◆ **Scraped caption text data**
"""

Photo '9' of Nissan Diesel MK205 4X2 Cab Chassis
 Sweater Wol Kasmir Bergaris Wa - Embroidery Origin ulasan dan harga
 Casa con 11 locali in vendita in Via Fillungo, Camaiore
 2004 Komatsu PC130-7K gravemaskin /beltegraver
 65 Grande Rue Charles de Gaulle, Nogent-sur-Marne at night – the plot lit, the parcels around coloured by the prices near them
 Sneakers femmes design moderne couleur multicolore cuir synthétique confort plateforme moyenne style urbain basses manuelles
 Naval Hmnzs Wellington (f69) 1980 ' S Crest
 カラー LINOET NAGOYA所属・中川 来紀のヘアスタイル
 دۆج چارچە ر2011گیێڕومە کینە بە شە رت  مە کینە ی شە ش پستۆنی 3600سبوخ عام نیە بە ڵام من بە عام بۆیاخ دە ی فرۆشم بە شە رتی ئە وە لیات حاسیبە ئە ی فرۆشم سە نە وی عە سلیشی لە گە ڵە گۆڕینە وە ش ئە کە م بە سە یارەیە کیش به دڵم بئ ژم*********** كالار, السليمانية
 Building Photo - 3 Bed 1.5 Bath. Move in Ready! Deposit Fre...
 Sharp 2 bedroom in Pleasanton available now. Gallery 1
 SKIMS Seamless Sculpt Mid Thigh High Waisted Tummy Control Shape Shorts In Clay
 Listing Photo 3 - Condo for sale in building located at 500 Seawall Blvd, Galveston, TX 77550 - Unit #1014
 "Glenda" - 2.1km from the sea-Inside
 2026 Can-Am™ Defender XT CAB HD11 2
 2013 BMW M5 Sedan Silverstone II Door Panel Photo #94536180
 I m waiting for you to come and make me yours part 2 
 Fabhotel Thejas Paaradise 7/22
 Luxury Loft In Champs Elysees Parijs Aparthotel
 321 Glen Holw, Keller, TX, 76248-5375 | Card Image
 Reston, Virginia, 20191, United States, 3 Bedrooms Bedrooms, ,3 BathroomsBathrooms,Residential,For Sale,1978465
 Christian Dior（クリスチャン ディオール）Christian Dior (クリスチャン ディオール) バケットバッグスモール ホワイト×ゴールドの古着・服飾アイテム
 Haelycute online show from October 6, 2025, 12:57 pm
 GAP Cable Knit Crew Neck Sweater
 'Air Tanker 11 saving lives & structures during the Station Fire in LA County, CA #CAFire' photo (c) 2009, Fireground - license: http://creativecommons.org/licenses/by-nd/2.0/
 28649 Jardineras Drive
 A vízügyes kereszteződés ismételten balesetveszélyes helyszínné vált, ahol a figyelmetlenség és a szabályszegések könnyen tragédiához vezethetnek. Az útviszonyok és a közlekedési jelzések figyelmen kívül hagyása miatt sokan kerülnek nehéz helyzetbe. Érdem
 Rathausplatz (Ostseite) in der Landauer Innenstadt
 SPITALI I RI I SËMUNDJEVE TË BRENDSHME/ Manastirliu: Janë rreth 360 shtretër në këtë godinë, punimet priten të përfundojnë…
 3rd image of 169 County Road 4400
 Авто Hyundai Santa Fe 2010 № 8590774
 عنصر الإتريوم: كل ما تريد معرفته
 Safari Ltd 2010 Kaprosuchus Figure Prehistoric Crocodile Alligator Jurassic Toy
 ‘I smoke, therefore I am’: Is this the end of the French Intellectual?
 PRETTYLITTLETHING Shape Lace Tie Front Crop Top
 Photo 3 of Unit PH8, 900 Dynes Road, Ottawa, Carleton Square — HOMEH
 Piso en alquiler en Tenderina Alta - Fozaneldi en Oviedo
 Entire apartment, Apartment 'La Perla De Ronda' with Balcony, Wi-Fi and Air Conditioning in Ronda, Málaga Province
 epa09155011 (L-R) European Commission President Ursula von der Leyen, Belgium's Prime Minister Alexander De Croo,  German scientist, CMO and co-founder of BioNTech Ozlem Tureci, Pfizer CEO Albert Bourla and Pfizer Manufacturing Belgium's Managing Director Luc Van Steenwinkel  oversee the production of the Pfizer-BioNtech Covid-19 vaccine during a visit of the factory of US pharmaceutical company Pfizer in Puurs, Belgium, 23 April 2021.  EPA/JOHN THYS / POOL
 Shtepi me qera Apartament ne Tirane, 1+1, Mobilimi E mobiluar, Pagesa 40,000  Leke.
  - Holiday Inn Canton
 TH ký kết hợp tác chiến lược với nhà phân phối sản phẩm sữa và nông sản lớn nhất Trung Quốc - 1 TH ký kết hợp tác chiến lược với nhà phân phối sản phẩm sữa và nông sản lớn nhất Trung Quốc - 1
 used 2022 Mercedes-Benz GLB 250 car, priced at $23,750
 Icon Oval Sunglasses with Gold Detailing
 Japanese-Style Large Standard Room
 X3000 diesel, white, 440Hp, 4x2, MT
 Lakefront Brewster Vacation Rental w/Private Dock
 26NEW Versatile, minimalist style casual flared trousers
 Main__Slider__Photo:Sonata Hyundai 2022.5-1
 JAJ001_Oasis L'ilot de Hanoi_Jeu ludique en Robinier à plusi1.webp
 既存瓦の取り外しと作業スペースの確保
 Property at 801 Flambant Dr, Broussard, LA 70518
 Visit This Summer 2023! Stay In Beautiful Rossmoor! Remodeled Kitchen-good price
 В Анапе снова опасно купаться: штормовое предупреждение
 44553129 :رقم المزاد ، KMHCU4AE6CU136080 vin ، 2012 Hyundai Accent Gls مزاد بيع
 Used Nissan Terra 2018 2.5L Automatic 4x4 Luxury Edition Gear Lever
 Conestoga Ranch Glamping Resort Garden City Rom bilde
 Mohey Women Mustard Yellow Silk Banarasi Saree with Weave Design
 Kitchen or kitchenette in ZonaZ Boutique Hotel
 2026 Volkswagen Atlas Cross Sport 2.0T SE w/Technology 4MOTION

"""

◆ **What you have to do**
Your task is to repeat the records exactly. Begin at their first line and stop after the line containing "カラー LINOET NAGOYA所属・中川 来紀のヘアスタイル".

◆ **Output below**
Photo '9' of Nissan Diesel MK205 4X2 Cab Chassis
 Sweater Wol Kasmir Bergaris Wa - Embroidery Origin ulasan dan harga
 Casa con 11 locali in vendita in Via Fillungo, Camaiore
 2004 Komatsu PC130-7K gravemaskin /beltegraver
 65 Grande Rue Charles de Gaulle, Nogent-sur-Marne at night – the plot lit, the parcels around coloured by the prices near them
 Sneakers femmes design moderne couleur multicolore cuir synthétique confort plateforme moyenne style urbain basses manuelles
 Naval Hmnzs Wellington (f69) 1980 ' S Crest
 カラー LINOET NAGOYA所属・中川 来紀のヘアスタイル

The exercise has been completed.